Every line from the one with "BRIDE LOOKING INTO MIRROR" to the one with "Neatly-folded T-shirt stacks", including those two, is to be copied exactly; all other lines of the entries below are left out.
::::
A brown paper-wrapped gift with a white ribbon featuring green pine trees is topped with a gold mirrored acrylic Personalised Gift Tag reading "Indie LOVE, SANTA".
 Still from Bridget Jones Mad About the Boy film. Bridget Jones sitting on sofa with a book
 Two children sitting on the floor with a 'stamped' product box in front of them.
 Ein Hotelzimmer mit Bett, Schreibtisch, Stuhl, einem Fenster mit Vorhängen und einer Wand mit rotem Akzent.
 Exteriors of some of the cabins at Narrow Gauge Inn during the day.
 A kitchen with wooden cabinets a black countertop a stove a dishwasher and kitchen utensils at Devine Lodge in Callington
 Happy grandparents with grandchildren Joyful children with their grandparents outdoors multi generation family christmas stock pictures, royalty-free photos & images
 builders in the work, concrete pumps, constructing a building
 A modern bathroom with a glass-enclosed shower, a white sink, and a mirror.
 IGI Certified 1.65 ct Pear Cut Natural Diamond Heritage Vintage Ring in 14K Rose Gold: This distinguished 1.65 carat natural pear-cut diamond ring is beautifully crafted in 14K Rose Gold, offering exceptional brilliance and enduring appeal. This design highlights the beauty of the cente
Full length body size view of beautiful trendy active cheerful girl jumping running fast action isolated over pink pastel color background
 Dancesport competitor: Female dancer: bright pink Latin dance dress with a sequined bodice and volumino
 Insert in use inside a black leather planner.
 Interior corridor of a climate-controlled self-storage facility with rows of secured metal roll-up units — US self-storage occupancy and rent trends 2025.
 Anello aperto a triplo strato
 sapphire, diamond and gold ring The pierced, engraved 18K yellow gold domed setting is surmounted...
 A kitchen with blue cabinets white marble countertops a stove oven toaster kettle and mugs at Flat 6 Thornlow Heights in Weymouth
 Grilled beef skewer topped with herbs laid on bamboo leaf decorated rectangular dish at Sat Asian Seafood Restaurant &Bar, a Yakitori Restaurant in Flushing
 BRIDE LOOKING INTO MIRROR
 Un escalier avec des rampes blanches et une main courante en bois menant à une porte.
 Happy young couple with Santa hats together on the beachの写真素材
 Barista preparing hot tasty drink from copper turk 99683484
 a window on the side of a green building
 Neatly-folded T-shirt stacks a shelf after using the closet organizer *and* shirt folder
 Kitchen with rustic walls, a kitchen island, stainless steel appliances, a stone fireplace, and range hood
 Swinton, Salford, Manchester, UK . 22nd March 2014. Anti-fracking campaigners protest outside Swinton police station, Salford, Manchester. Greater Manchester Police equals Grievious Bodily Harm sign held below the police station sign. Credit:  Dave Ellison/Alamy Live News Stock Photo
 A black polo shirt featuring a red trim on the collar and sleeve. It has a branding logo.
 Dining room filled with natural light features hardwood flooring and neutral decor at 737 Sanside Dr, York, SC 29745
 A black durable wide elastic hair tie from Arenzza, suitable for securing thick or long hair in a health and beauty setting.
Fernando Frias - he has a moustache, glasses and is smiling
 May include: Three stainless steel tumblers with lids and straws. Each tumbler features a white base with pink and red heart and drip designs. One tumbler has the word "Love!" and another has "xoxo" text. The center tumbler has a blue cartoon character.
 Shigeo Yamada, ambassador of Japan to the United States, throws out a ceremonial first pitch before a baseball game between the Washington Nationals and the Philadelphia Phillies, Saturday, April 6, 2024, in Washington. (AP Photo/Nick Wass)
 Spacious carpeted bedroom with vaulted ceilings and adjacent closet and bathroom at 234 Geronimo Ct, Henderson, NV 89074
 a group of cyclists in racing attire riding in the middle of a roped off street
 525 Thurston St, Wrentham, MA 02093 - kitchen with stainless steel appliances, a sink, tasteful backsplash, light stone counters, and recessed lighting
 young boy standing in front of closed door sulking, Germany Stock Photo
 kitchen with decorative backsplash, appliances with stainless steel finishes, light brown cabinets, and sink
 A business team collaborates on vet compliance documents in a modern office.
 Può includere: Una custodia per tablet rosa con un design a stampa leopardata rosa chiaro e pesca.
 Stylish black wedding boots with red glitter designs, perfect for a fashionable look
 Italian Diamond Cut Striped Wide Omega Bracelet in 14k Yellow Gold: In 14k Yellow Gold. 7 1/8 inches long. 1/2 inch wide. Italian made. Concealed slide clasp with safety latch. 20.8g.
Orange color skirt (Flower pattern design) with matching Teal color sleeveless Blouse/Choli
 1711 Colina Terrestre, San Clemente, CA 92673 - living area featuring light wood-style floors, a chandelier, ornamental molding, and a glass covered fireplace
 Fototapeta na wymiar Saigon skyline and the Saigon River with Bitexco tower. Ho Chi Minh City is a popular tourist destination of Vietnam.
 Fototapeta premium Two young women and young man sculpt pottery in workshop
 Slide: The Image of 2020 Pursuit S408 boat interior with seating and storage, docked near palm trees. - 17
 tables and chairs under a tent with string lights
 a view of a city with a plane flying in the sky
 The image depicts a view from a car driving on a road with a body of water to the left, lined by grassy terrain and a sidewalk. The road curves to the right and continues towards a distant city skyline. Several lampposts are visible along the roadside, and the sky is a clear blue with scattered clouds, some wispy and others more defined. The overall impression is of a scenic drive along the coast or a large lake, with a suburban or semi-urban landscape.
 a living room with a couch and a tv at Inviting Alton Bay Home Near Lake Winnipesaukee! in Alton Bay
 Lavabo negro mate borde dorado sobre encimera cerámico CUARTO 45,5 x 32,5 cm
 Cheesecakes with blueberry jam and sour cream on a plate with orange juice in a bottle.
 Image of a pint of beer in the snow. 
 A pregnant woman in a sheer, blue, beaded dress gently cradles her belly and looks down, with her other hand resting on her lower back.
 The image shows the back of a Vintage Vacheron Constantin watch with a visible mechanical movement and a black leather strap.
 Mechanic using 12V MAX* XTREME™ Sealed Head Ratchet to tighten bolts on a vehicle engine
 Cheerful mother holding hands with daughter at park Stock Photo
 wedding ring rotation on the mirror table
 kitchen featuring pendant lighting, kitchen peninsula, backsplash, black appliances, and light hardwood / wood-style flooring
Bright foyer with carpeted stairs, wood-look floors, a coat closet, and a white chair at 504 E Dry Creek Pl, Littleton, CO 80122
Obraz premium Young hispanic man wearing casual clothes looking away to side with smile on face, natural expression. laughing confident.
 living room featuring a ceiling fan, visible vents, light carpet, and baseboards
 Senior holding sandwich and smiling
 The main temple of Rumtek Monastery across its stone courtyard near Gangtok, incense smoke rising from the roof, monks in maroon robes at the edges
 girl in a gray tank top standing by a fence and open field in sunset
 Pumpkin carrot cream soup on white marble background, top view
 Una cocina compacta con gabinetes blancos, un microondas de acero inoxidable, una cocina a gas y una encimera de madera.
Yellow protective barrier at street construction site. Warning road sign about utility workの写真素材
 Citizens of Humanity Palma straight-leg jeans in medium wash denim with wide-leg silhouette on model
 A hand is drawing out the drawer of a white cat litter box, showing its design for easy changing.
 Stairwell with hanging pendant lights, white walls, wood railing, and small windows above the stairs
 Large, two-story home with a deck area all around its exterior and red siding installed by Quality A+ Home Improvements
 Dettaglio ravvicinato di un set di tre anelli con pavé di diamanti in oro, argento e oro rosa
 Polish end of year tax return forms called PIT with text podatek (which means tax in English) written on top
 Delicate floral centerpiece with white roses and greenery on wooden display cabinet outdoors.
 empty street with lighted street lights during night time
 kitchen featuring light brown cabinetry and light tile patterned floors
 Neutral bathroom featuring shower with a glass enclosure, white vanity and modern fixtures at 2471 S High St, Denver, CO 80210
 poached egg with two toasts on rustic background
::::
▸ **ANSWER FOR THE TASK**
 BRIDE LOOKING INTO MIRROR
 Un escalier avec des rampes blanches et une main courante en bois menant à une porte.
 Happy young couple with Santa hats together on the beachの写真素材
 Barista preparing hot tasty drink from copper turk 99683484
 a window on the side of a green building
 Neatly-folded T-shirt stacks a shelf after using the closet organizer *and* shirt folder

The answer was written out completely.